(Saved data entries)
::::::

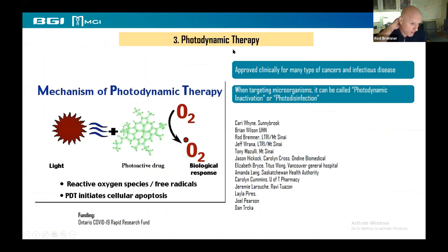The third thing we've been involved in is helping Kari Wine and Brian Wilson develop a photodynamic therapy trial. Photodynamic therapy uses an inert compound that does nothing in the absence of light, but once you add light, it generates oxygen radicals which are good for killing pathogens. It's used clinically for head and neck cancers, esophageal cancers, and infectious diseases including acne. It can also be called photodynamic inactivation or photo-disinfection.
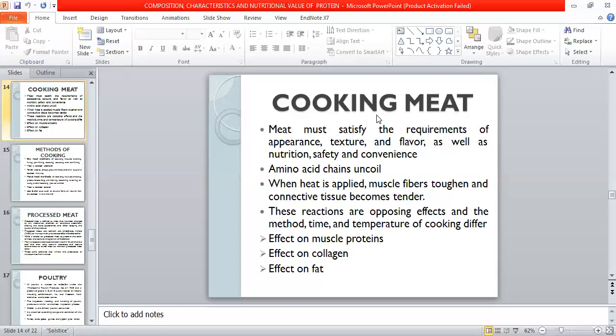When heat is applied, muscle fiber toughens and connective tissue becomes tender. These are opposing effects and the time at temperature is different. The collagen has different effects, the fat has different effects, and the muscle protein has different effects.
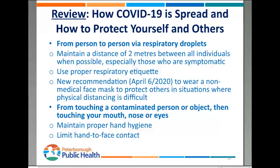To review the basics: COVID-19 spreads from person to person via respiratory droplets. The best thing you can do is maintain two meters distance between everybody at all times, especially those who are symptomatic. Use proper respiratory etiquette. If you're going to be in a situation where physical distancing is difficult, you could wear a non-medical face mask like a cloth mask to prevent droplets from leaving your mouth and nose. The other way is from touching a contaminated object and introducing the virus into your body, so maintaining proper hand hygiene is essential, and limit hand-to-face contact.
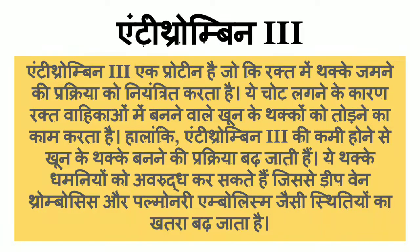Antithrombin 3 is a protein that keeps the body from blood clots forming. So that's all for today's video.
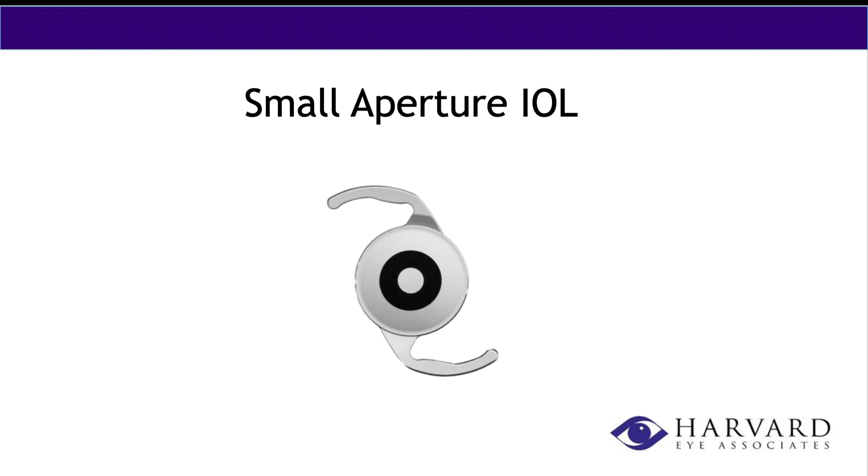The small aperture IOL is actually the latest lens to hit the market — we're just implanting it now and seeing good results. Dr. H actually just put the first one in the other day. This lens is designed to give you a wide range of vision: distance, intermediate, and near, but it's currently implanted only in one eye. It's really good for patients who have irregular corneas, such as somebody who's had prior RK — radial keratotomy. The literature and what we've heard from the manufacturer show really good results, and Harvard Eye was part of a study on it.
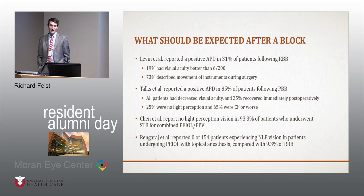Levin et al. reported a positive APD in about 31% of patients who underwent a retrobulbar block during the perioperative period; 19% had visual acuity better than 6/200, and 73% were able to describe movements of instruments during surgery. Tox et al. reported on peribulbar blocks — a positive APD in about 85% of patients, with all having decreased visual acuity; 35% recovering immediately post-operatively, 25% being no light perception during surgery, and 65% being count fingers or worse. Chen et al. reported no light perception vision in about 93.3% of patients who underwent a subtenons block for combined cataract and vitrectomy. Rengaraj et al. reported that no patients undergoing topical anesthesia for cataract surgery experienced no light perception vision, compared with about 10% of patients who had a retrobulbar block.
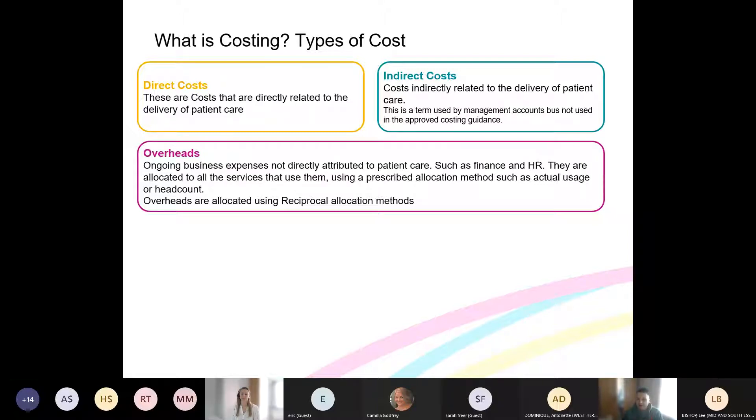Overheads are anything not impacted by patient volume and not involving direct patient care — finance costs, HR costs, a lot of your estate costs. A good way to analyse these is: if you opened a brand new hospital on day one with no patients, you would still have these costs. You'd still need HR for staffing, you'd still need finance, you'd still need your estate costs. They're not directly impacted by patient care but they do support it.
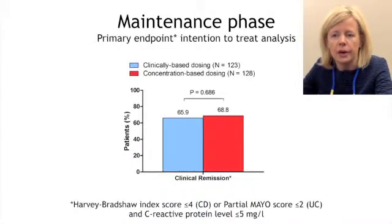The primary endpoint, defined as clinical and biochemical remission one year after dose optimization, was achieved in 66% of patients whose dosing was based on clinical features, and 69% of patients whose dosing was based on the TDM level achieved. Disease relapsed in 21 patients who received clinically-based dosing — that is 17% — and in nine patients who received the concentration-based dosing, which is 7%.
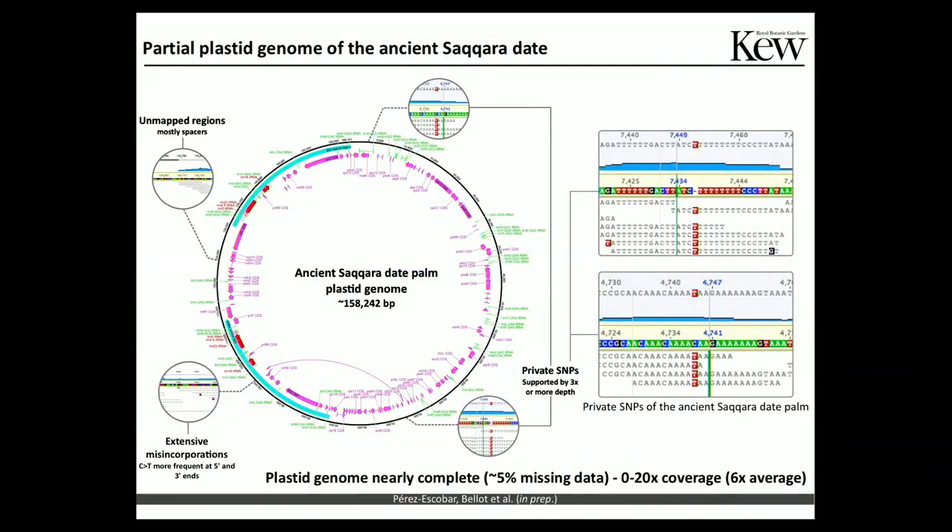Coming back to the question of what you can do with such a small amount of data — here is one answer. We were able to recover a near-entire representation of the plastid genome of a date palm, with an average coverage of 6X and a maximum of 20X. When you are trying to place this accession into a phylogenetic context, a solid phylogeny is very useful, and that is exactly what we did.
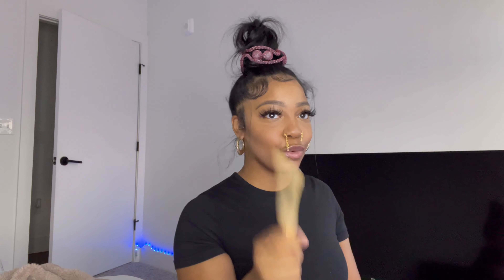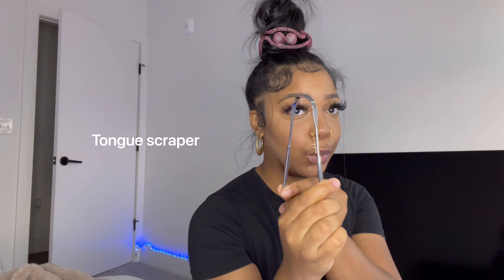Step number two: after brushing, I go in with my stainless steel tongue scraper. The reason you want to use a tongue scraper is because when you brush your teeth, all you're really doing is mixing the bacteria around — you're not getting all of it. What this does is you put it on your tongue, go back as far as you can, and scrape it out. Whatever is on your tongue, you scrape it off, and sometimes there really is stuff that comes off — even after you brush.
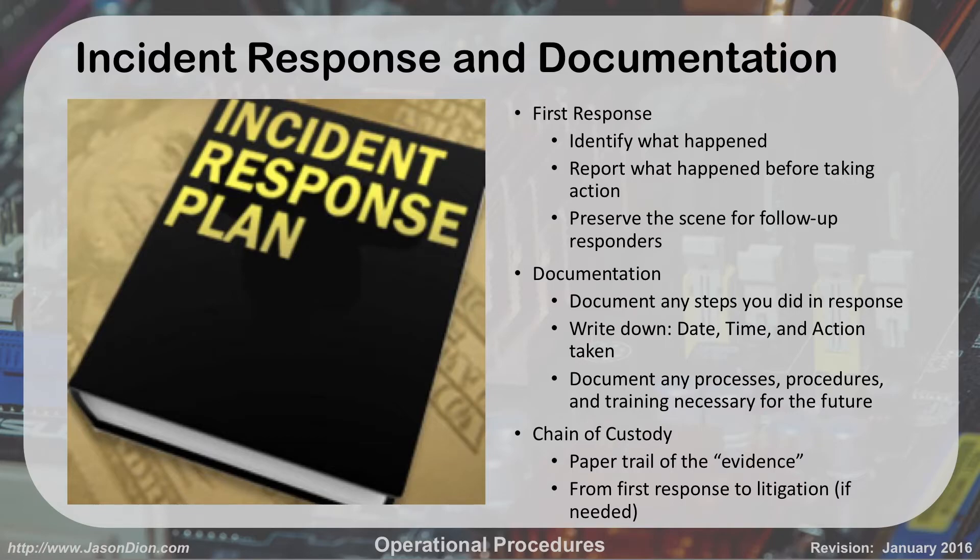One of the things you need to do is document what you're seeing. I like the standard military format: date, time, and action. So it's — February 7th, 9:33 AM, I arrived at the computer and saw that when I typed in Facebook it took me to this other website. Write down your date, time, and action. Document anything that's happening — any processes you ran, any procedures. If the customer clicked a link to download a virus and you gave them training, document that too.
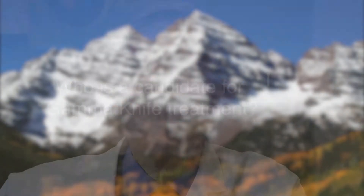When I have to make the recommendation between surgery and stereotactic radiosurgery with a device such as the gamma knife, I'm looking at a number of things. I'm looking at the size of the tumor and I'm looking at the location of the tumor.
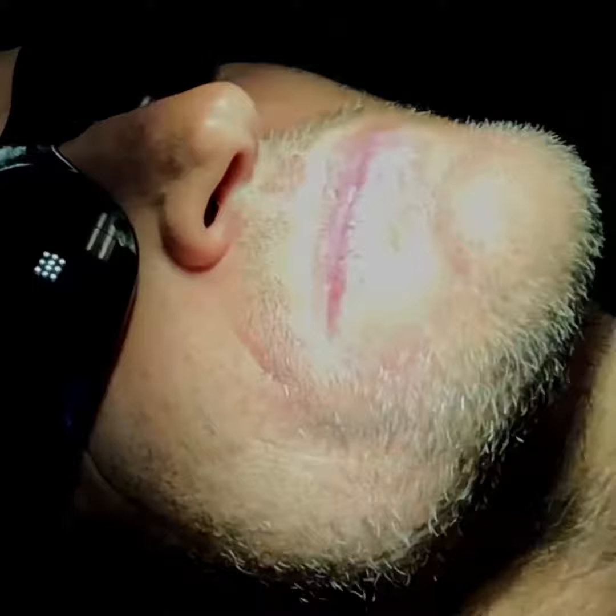Every time I watch my patients' response to their new teeth, I'm endlessly inspired. They are spectacular — brand new teeth. Incredible.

::::::

Repeat each record verbatim, pictures excluded.

__Solution to the problem__:
The third thing we've been involved in is helping Kari Wine and Brian Wilson develop a photodynamic therapy trial. Photodynamic therapy uses an inert compound that does nothing in the absence of light, but once you add light, it generates oxygen radicals which are good for killing pathogens. It's used clinically for head and neck cancers, esophageal cancers, and infectious diseases including acne. It can also be called photodynamic inactivation or photo-disinfection.
When heat is applied, muscle fiber toughens and connective tissue becomes tender. These are opposing effects and the time at temperature is different. The collagen has different effects, the fat has different effects, and the muscle protein has different effects.
To review the basics: COVID-19 spreads from person to person via respiratory droplets. The best thing you can do is maintain two meters distance between everybody at all times, especially those who are symptomatic. Use proper respiratory etiquette. If you're going to be in a situation where physical distancing is difficult, you could wear a non-medical face mask like a cloth mask to prevent droplets from leaving your mouth and nose. The other way is from touching a contaminated object and introducing the virus into your body, so maintaining proper hand hygiene is essential, and limit hand-to-face contact.
Antithrombin 3 is a protein that keeps the body from blood clots forming. So that's all for today's video.
The small aperture IOL is actually the latest lens to hit the market — we're just implanting it now and seeing good results. Dr. H actually just put the first one in the other day. This lens is designed to give you a wide range of vision: distance, intermediate, and near, but it's currently implanted only in one eye. It's really good for patients who have irregular corneas, such as somebody who's had prior RK — radial keratotomy. The literature and what we've heard from the manufacturer show really good results, and Harvard Eye was part of a study on it.
Levin et al. reported a positive APD in about 31% of patients who underwent a retrobulbar block during the perioperative period; 19% had visual acuity better than 6/200, and 73% were able to describe movements of instruments during surgery. Tox et al. reported on peribulbar blocks — a positive APD in about 85% of patients, with all having decreased visual acuity; 35% recovering immediately post-operatively, 25% being no light perception during surgery, and 65% being count fingers or worse. Chen et al. reported no light perception vision in about 93.3% of patients who underwent a subtenons block for combined cataract and vitrectomy. Rengaraj et al. reported that no patients undergoing topical anesthesia for cataract surgery experienced no light perception vision, compared with about 10% of patients who had a retrobulbar block.
Overheads are anything not impacted by patient volume and not involving direct patient care — finance costs, HR costs, a lot of your estate costs. A good way to analyse these is: if you opened a brand new hospital on day one with no patients, you would still have these costs. You'd still need HR for staffing, you'd still need finance, you'd still need your estate costs. They're not directly impacted by patient care but they do support it.
The primary endpoint, defined as clinical and biochemical remission one year after dose optimization, was achieved in 66% of patients whose dosing was based on clinical features, and 69% of patients whose dosing was based on the TDM level achieved. Disease relapsed in 21 patients who received clinically-based dosing — that is 17% — and in nine patients who received the concentration-based dosing, which is 7%.
Coming back to the question of what you can do with such a small amount of data — here is one answer. We were able to recover a near-entire representation of the plastid genome of a date palm, with an average coverage of 6X and a maximum of 20X. When you are trying to place this accession into a phylogenetic context, a solid phylogeny is very useful, and that is exactly what we did.
Step number two: after brushing, I go in with my stainless steel tongue scraper. The reason you want to use a tongue scraper is because when you brush your teeth, all you're really doing is mixing the bacteria around — you're not getting all of it. What this does is you put it on your tongue, go back as far as you can, and scrape it out. Whatever is on your tongue, you scrape it off, and sometimes there really is stuff that comes off — even after you brush.
One of the things you need to do is document what you're seeing. I like the standard military format: date, time, and action. So it's — February 7th, 9:33 AM, I arrived at the computer and saw that when I typed in Facebook it took me to this other website. Write down your date, time, and action. Document anything that's happening — any processes you ran, any procedures. If the customer clicked a link to download a virus and you gave them training, document that too.
When I have to make the recommendation between surgery and stereotactic radiosurgery with a device such as the gamma knife, I'm looking at a number of things. I'm looking at the size of the tumor and I'm looking at the location of the tumor.
Every time I watch my patients' response to their new teeth, I'm endlessly inspired. They are spectacular — brand new teeth. Incredible.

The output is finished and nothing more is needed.